Ataki na policjantów w ich domach to rzadko spotykana forma walki ze służbami poza najbardziej nękanymi przez gangi krajami Ameryki Środkowej. Stanowi to również wyzwanie dla prezydenta Andrésa Manuela Lópeza Obradora, który unika przemocy i odrzuca wszelkie wojny z kartelami.
Członkowie Jalisco wypowiedział wojnę rządowi, dążąc do zlikwidowania elitarnych sił państwowych znanych jako Grupa Taktyczna, którą kartel oskarża o niesprawiedliwe traktowanie swoich członków.
"Jeśli chcecie wojny, dostaniecie wojnę. Pokazaliśmy już, że wiemy, gdzie jesteście. Nadchodzimy po was wszystkich" - zapowiedział kartel.
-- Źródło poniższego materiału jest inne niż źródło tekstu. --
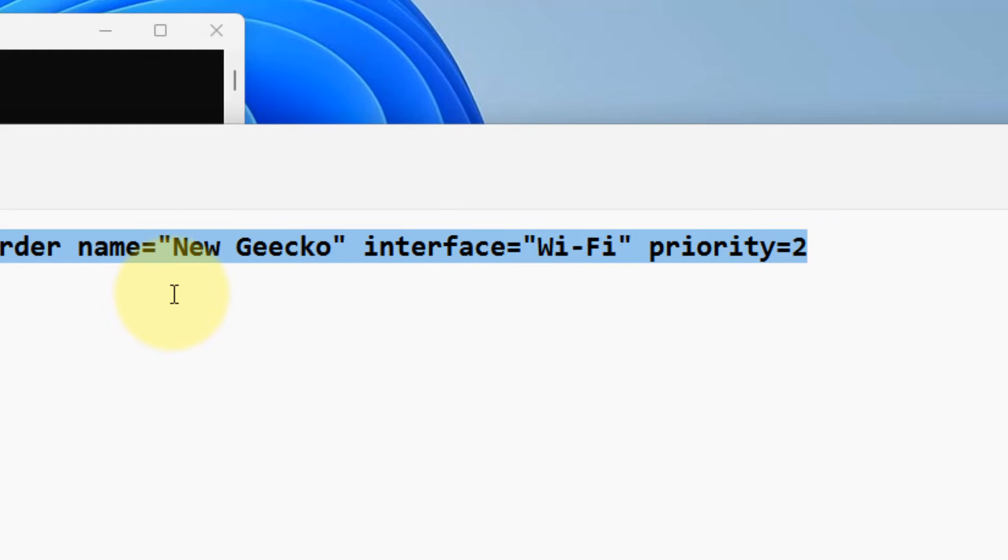So, in this way, you can change the priority order of the Wi-Fi networks in Windows 11. That's it, guys. Please do like the video to support us and thanks for watching.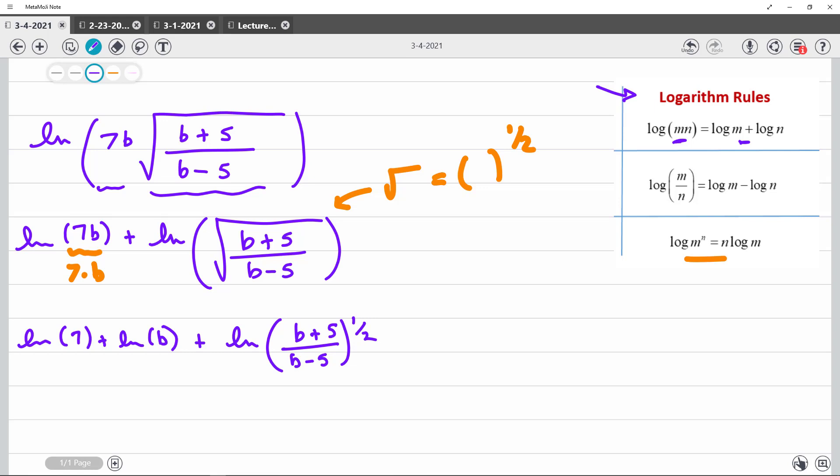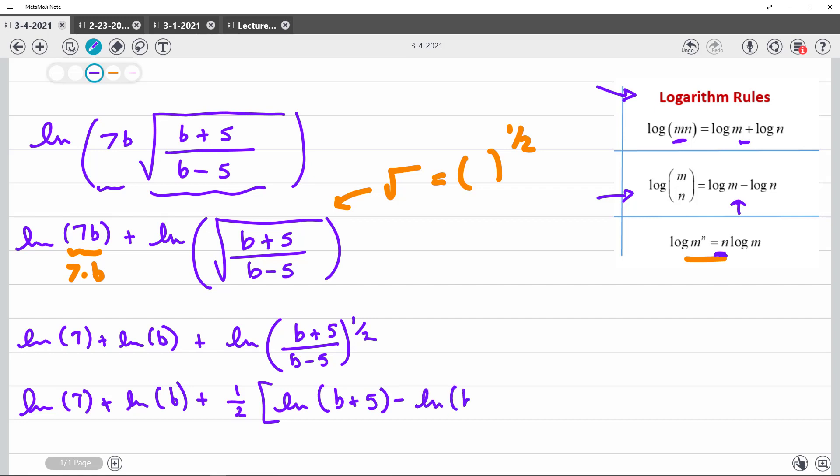And we are almost home free. So I have ln of 7 plus ln of b. This is showing me that I can bring that power out front. So plus 1 half. Now notice I'm here. When I have a quotient, I can expand it with a difference. So ln of b plus 5 minus ln of b minus 5. And I'm done. I've expanded it.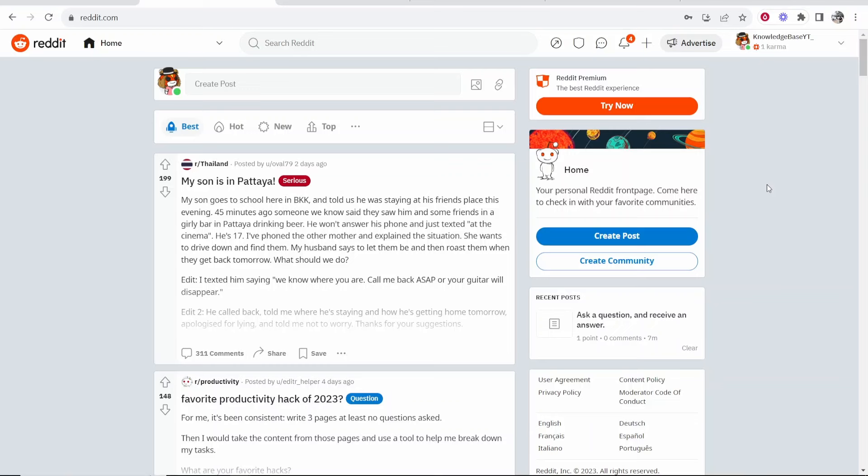In this video, I'm going to show you how you can post on Reddit. This is going to be a very simple basic guide for those that are new to Reddit and have just created their account.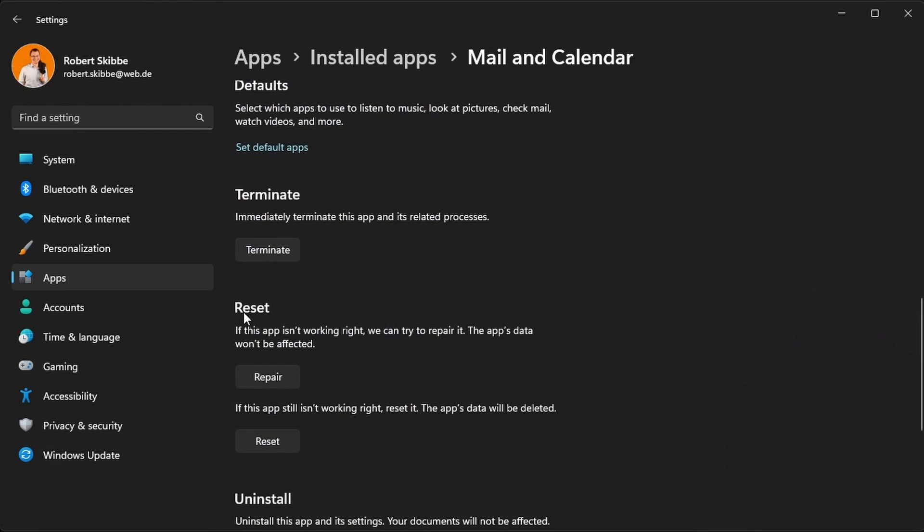One possible option to fix it is actually by clicking repair and restarting your mail app or computer. In the next step you can also try resetting, but keep in mind that the app's data will be deleted. Those two are two possible options to fix your email problems.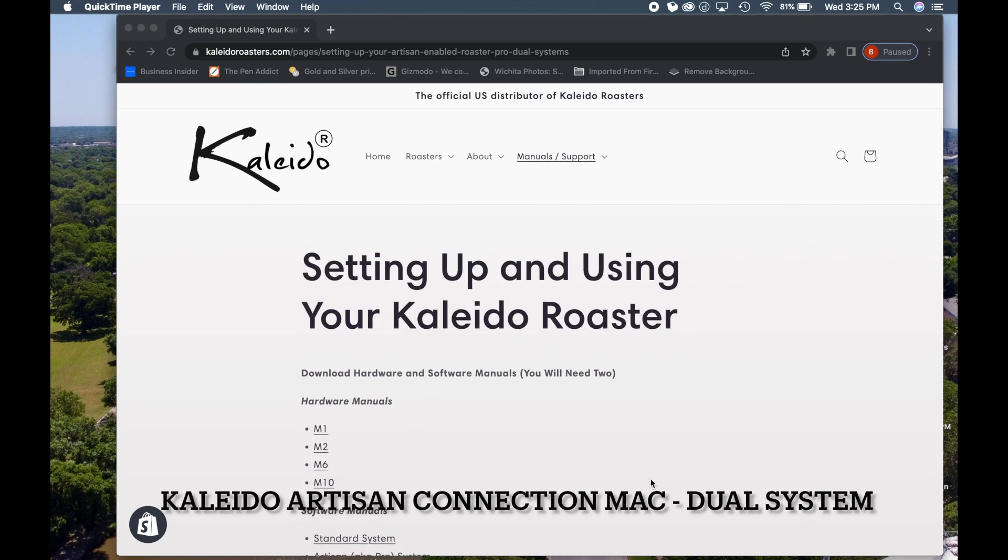What's going on YouTube? This is Barrett with Espresso Outlet. Today I wanted to show you how to connect this Kaleido M2 dual system using a MacBook Pro.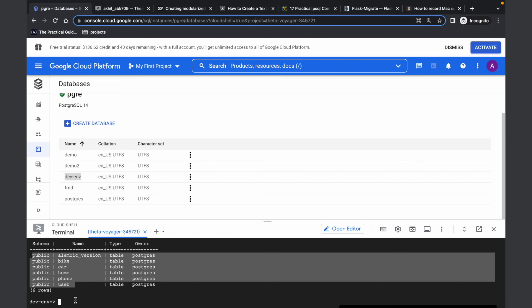That is my Alembic demonstration. Thank you.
Gang zapowiedział, że za każdego zatrzymanego członka, zabiją dwóch funkcjonariuszy, "gdziekolwiek są, w domach, czy na patrolach".
Urzędnicy w Guanajuato, najbardziej niebezpiecznym stanie Meksyku, gdzie Jalisco walczy z lokalnymi gangami wspieranymi przez konkurencyjny kartel Sinaloa, odmówili komentarza na temat tego, ilu członków elitarnej grupy zostało do tej pory zamordowanych.